TI VERSAILLES, 9 décembre 1999
CERCLAB - DOCUMENT N° 1694
TI VERSAILLES, 9 décembre 1999 : RG n° 11/99/01508 ; jugement n° 990/99
(sur appel CA Versailles (1re ch. B), 21 décembre 2001 : RG n° 2000-2407)
Extraits : 1/ « Qu'il a apposé sa signature sur ce contrat et en dessous de la mention « j'ai lu et accepté les conditions stipulées ci-contre et au verso de ce contrat », Que dans ces conditions, par sa signature apposée sur le contrat et au-dessus d'une telle clause, le preneur est obligé par les clauses contenues dans les conditions générales énoncées au verso ».

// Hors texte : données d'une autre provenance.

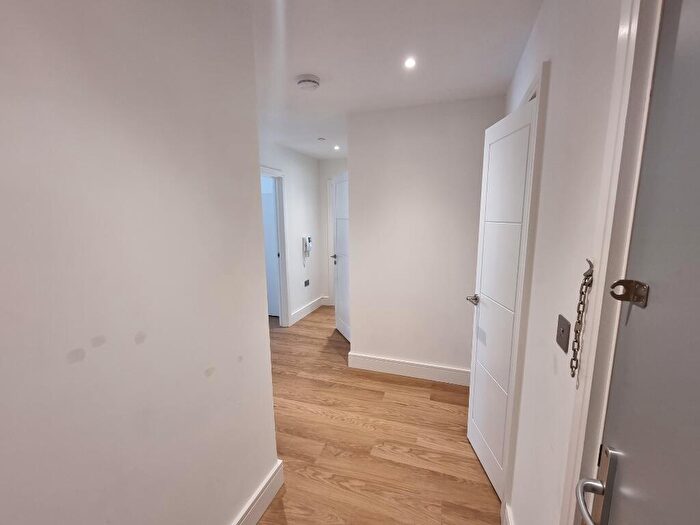 2 Bedroom Flat For Sale In /F, East Timberyard, Pershore Street, Birmingham, B5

2/ « Attendu que la clause prévoyant l'obligation pour le preneur de restituer les clefs et la carte grise suite au vol du véhicule et excluant la protection du preneur en cas de négligence, ne peut s'analyser en une clause abusive, Qu'en effet il est expressément stipulé dans cet article qu'un acte de négligence engage le preneur sauf motif légitime, Que par conséquent, le preneur peut se dégager de cette responsabilité s'il argue d'un motif légitime, Qu'il n'y a donc pas un déséquilibre significatif entre les droits et obligations des parties au contrat et donc caractère abusif de cette clause ».
AU NOM DU PEUPLE FRANÇAIS
TRIBUNAL D’INSTANCE DE VERSAILLES
JUGEMENT DU 9 DÉCEMBRE 1999
ÉLÉMENTS D’IDENTIFICATION DE LA DÉCISION (N.B. : mention ne figurant pas sur l’original)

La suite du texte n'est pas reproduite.